On the whole, there’s been a lot of good news lately about the global campaign to eradicate polio — a significant reduction in reported cases so far this year, new money pledged to the effort and a recent announcement by the Taliban in Afghanistan that it would stop trying to kill polio workers.
In the past week, however, we’ve had a few setbacks in the polio campaign including an attack by the Pakistan Taliban on polio workers and two outbreaks of polio in parts of Africa, Kenya and earlier in Somalia, previously free of the insidious, infectious disease.
As NPR reported, these all pose a Threat to Global Eradication. Quoting an expert at the WHO:
(These) handful of infections with poliovirus has the potential to set back global efforts to eradicate polio … “Polio is a virus that spreads silently … One case represents between 200 and 1,000 people infected. It’s the tip of an iceberg.”
Kenya had been free from reported polio cases for nearly two years. Somalia hadn’t had a case since 2007. Nigeria is the likely source for these new cases in Africa, with Pakistan and Afghanistan being the only other two ‘endemic’ countries keeping polio alive.
Because of lower polio vaccination rates in some neighboring countries, as Scientific American recently reported, some are concerned these apparently isolated outbreaks could spell doom for the goal of polio eradication.
The outbreaks are cause for concern, says Apoorva Mallya, but less so than might have been the case a few years ago.
As senior polio program officer for the Bill & Melinda Gates Foundation, Mallya has the crucial if perhaps unenviable job of working for one of the most powerful and performance-based ‘impatient’ philanthropists on one of his biggest causes, polio eradication, which has progressed like a hiker climbing a steep scree of loose rock — two steps forward, one step back, whoops…. A chat with Mallya given these recent setbacks:
Q So has the last week or so put a dent in your impatient optimism about the goal of ridding the world of polio by 2018?
AM: I don’t want to downplay these events, but the way to look at this is we are going to continue to have these kind of outbreaks so long as polio is endemic in these three countries. It’s inevitable so we shouldn’t be surprised.
Q But how can we be any more confident that this half-century history of whack-a-mole (i.e., the global effort to eradicate polio) is ever going to end? What’s different about the effort today?
AM: To begin with, we have a new plan and approach that has so far had a great track record of stopping outbreaks. In 2010, the global community agreed to a much more aggressive strategy aimed at stopping outbreaks like this within six months. It can take anywhere from three to ten (vaccination) campaigns in the effected areas, but so far we have been completely successful at stopping these outbreaks from spreading. That’s new.

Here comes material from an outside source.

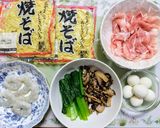 簡単夏の夕飯！小松菜豚肉餡掛け焼きそば作り方1写真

Q What else is new? Why set this goal of eradication by the year 2018?
AM: We didn’t set the year 2018 and work backward to come up with what we hope to do in five years. We arrived at 2018 by establishing a specific strategy for stopping transmission in endemic countries, which included this more aggressive response to outbreaks and better surveillance. We have never done that before, and we’re close. The key to this whole thing is stopping transmission in these countries.
Q One of the keys to stopping transmission is to stop using the oral polio vaccine, since it has the unfortunate tendency to sometimes cause polio. Why not stop using that vaccine now and just use the injectable vaccine?
AM: That’s the long-term goal. But the oral polio vaccine is still useful while we are in the phase of stopping transmission. It’s very effective, cheap and easy to administer. You can reach a lot of people with this vaccine that you might not be able to do so easily with injectable. But once we can certify that we’ve stopped transmission in these countries, we can get rid of the oral vaccine and only use the injectable.
Q Any thoughts on the Taliban targeting polio vaccinators, which some say is a consequence of the intelligence services posing as aid workers in Pakistan?
AM: In Afghanistan, with the recent announcement by the Taliban there, we’re confident of making progress. In Pakistan, it’s a bit more tricky. But that’s part of the reason we held the Vaccine Summit in the Middle East. I think we’re making progress there.